CS210 Thurs, Feb. 23

PA02 Intro, continued.

Last time: tokenization with Scanner.  Note TestScanner1.java and TestScanner2.java now with the supplied files for pa02.  These have working sentence and word delimiters ready for pa02.

Random Numbers for random word in a Set.


In the last part of PA02, we want to choose a random first word for our sentence.  How can we do that?
Can get Set of words (all not stop words) from our Map.
We can number them by putting them in an array:

Object[] wordArray = words.toArray[];  // puts refs to Strings
Random r = new Random();     //  java.util.Random
int index = r.nextInt(words.size());  // index will be random from 0 to N-1 where N = words.size();
// now wordArray[index] is a random String from the Set

Inventory Example Expanded, to show data structure like pa02's.

We had a single bin for each item.  Suppose some items need several bins.  We can expand ItemInfo to hold a List of bin numbers.

public class ItemInfo {
    private String name;
    private Map<Integer, Integer> binQuantities;
    public ItemInfo(String name, int binNum, int quantity) {
        // sets up new HashMap, one bin in Map
    }
    public void addBin(int binNo) {
        binQuantities.put(binNo, 0);
    }

    public int findFullestBin() {
        Set<Integer> binNumbers = binQuantities.keySet();   //<--not "getKeys" Corrected from lecture!
        int max = 0;
        int maxBinNo = -1;
        for (Integer b: binNumbers) {
            if (binQuantities.get(b) > max) {
                max = binQuantities.get(b);
                maxBinNo = b;
            }
        }
        return maxBinNo;
    }
}

The whole inventory is held in a Map as before:

Picture of ItemInfo:  object with name="pencil", Map of bin 44 --> 60 pencils, bin 33 --> 42 pencils

Map<String, ItemInfo> inventory;

Picture of whole inventory object:  two Strings as keys: "pencil" --> ItemInfo object, "tape" --> its ItemInfo object, where each of these ItemInfo objects has their own name plus a Map of bin# --> quantity in bin.

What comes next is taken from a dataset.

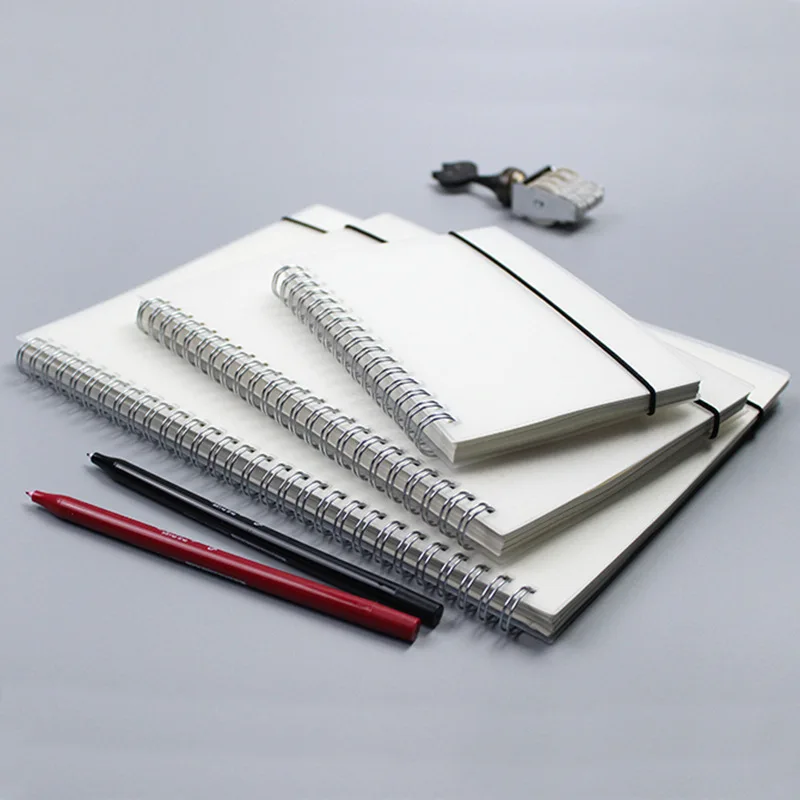 

Vintage Simple PVC cover Spiral Notebook Kraft Grid Dot Blank Daily Weekly Planner Book Time Management Planner School Supplies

Example: Given inventory object, find fullest bin for "pencil":
ItemInfo pencilInfo = inventory.get("pencil");  // first get the ItemInfo from the inventory Map
int binNo = pencilInfo.findFullestBin();     // then get the desired info from the ItemInfo

Simlarly for pa02:

public class WordStats {
    private String word;
    private int frequency;
    private Map<String, Integer> followers;  // constructed from a TreeMap
        ... constructor, methods...
    public String getMostFrequentFollower();
}

Example WordStats for "run" of text1.txt:

    word = "run", frequency = 5, Map followers has ("spot", 1) and ("fast", 1).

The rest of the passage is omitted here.